- [Brief]:
An acceptable answer repeats exactly the line containing "専有面積61.88m2、2026年2月室内リフォーム実施。" and all lines that follow it in the listing below, and it includes no pictures.

-- Data block follows --

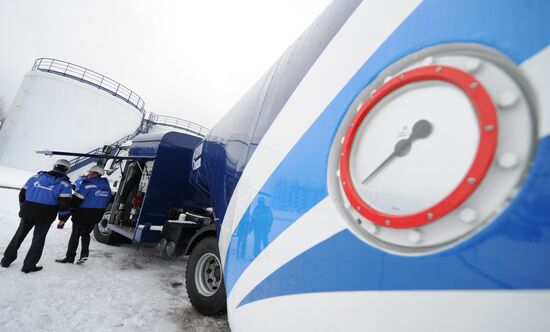 Aircraft fueling and dispensing facility opened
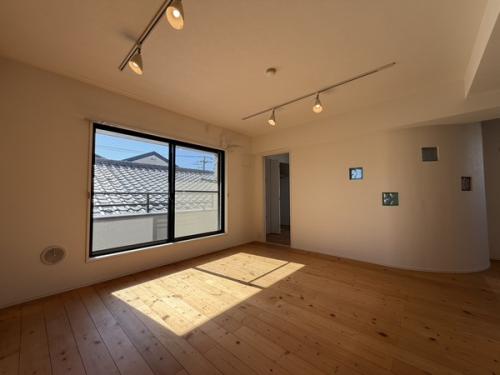 専有面積61.88m2、2026年2月室内リフォーム実施。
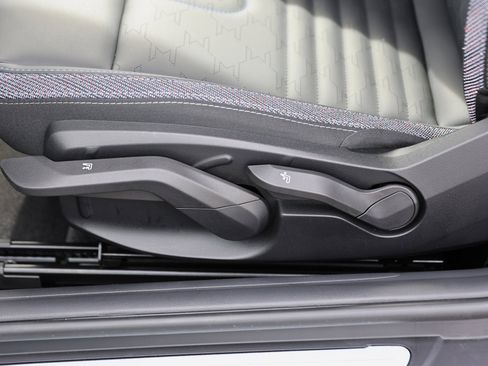 Used 2025 MINI Cooper 2-Door Hardtop image 14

-- Data block concluded --

- [Answer section]:
 専有面積61.88m2、2026年2月室内リフォーム実施。
 Used 2025 MINI Cooper 2-Door Hardtop image 14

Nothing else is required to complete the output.